Dr. Alicia Morgans, a medical oncologist, specializes in treating advanced prostate cancer and is particularly interested in addressing treatment side effects.
In July, Prostatepedia spoke with her about her clinical trial that looks at the cognitive effects that Xtandi (enzalutamide) and Zytiga (abiraterone) can have.
Dr. Alicia Morgans: My research focuses on understanding the complications of cancer survivors and, specifically, understanding the complications of hormonal manipulation in men with prostate cancer. I’ve done work investigating osteoporosis and bone complications, cardiovascular complications, and metabolic complications like diabetes. The one area that I had not really explored, and that has been underexplored in the field, is the possibility that there may be cognitive changes associated with the hormonal therapies we use.
A patient who served as an inspiration for the study was a preacher who I met a few years ago, just a few weeks after his urologist started him on Xtandi (enzalutamide). His family was concerned because he developed a profound change in his motivation and planning skills, and he was unable to give sermons since starting the medication.
We were able to stop the medication, and a few weeks later, everyone said that he was back to normal. I just needed to understand why this might be the case. This led to the development of our study.
We are comparing the cognitive function of men starting Zytiga (abiraterone) or Xtandi (enzalutamide) over time to see if there is any difference between drugs that block the androgen receptor like Xtandi (enzalutamide) and drugs that just lower testosterone levels more completely like Zytiga (abiraterone).
Both of these drugs are used in the same patient population and are tremendously effective at controlling the cancer, so this comparison could be done safely.
I was fortunate to have some incredible collaborators with experience in traditional neurocognitive testing help develop the study protocol. In addition to comparing cognitive function between groups, the study validates a computer-based cognitive testing system (Cogstate) against traditional neurocognitive pen-and paper tests in the prostate cancer population. If the measures appear to provide similar assessments, I hope to integrate computer-based cognitive testing into many prospective therapeutic studies just as patient reported outcome measures of pain, fatigue, and depression have been.
Finally, I have to mention that we were very fortunate to pique the interest of the Prostate Cancer Foundation in this work, and they were incredibly generous in conferring an award to fund the study.
Their award allowed us to integrate an assessment of possible genetic predisposition to developing cognitive dysfunction.
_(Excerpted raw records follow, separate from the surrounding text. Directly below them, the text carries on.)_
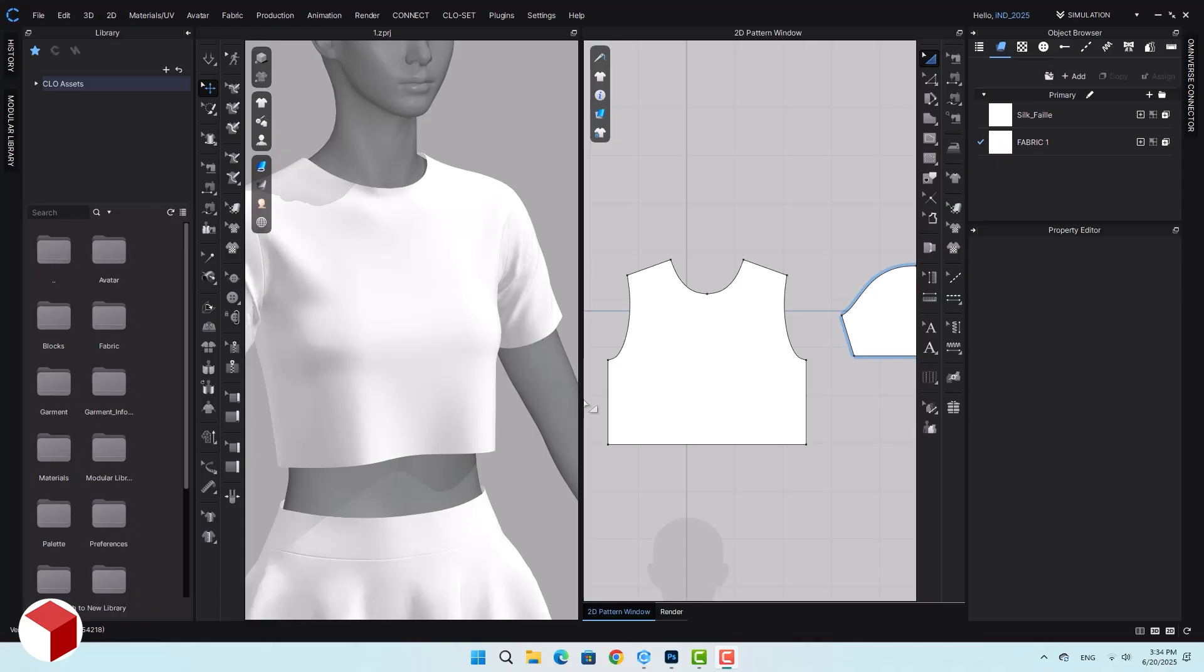For this, you need transparent images or ones in PNG format. If you've downloaded ready-made ones, they're usable. Otherwise, you can edit your images using Photoshop.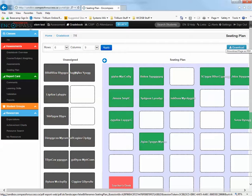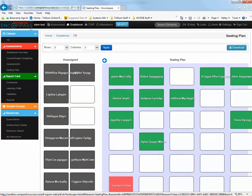When you're finished with the seating plan, you can download the seating plan as a PDF to either print or save for your records.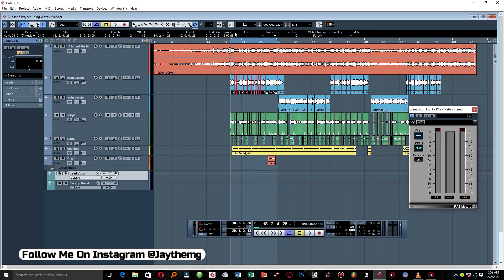Welcome to Part 3 of mixing with voice plugins in Cubase 5. In this video we're going to be looking at vocal EQing, compression, de-essing, and many other processes just to make the vocal stand out in the mix.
The award also provides funds to integrate advanced neuroimaging with a noninvasive MRI series into the protocol. This will enable us to look at structural and functional changes that may happen in the brain during treatment.
We are doing this trial now because it is definitely an area of clinical concern in my practice. I don’t think that previous work has been able to nail down which populations are at highest risk for cognitive dysfunction or develop a methodology that is both reliable and reproducible in larger scale settings. Our trial design may validate a computer-based methodology that can be expanded to other sites without requiring that trials include psychologists with neurocognitive expertise to administer cognitive tests. The computer-based method is less resource-intensive and more easily scalable.